Exercise directions: When a line of the records below contains the string "North", copy that whole line.

Records for this exercise:
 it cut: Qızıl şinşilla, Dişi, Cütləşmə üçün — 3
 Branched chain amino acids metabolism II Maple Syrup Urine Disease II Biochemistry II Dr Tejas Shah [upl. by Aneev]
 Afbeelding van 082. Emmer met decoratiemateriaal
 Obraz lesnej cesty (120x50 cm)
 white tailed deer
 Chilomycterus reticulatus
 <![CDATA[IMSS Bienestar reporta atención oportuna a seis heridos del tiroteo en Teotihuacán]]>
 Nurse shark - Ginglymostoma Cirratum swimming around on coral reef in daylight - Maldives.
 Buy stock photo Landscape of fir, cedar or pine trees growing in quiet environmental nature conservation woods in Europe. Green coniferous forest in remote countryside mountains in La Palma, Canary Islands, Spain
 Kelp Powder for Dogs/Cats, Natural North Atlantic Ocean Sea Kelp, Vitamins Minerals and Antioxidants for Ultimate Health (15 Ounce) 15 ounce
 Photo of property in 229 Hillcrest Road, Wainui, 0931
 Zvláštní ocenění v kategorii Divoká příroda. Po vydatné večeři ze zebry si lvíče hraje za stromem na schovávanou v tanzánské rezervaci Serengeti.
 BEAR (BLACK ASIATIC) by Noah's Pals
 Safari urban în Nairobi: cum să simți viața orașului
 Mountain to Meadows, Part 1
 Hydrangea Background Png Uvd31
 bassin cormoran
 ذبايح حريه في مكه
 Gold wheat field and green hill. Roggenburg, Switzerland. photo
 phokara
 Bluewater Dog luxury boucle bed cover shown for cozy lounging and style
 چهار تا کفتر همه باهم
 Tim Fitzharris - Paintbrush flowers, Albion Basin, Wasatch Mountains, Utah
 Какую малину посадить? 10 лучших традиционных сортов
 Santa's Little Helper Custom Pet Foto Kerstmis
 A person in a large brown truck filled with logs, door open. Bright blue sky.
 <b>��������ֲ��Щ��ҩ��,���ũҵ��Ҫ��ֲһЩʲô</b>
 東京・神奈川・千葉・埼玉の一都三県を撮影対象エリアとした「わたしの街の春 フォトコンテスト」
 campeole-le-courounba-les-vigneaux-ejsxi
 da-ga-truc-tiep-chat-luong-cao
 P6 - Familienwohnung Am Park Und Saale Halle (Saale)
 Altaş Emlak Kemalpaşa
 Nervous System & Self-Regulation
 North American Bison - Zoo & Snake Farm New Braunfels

Exercise solution:
 Kelp Powder for Dogs/Cats, Natural North Atlantic Ocean Sea Kelp, Vitamins Minerals and Antioxidants for Ultimate Health (15 Ounce) 15 ounce
 North American Bison - Zoo & Snake Farm New Braunfels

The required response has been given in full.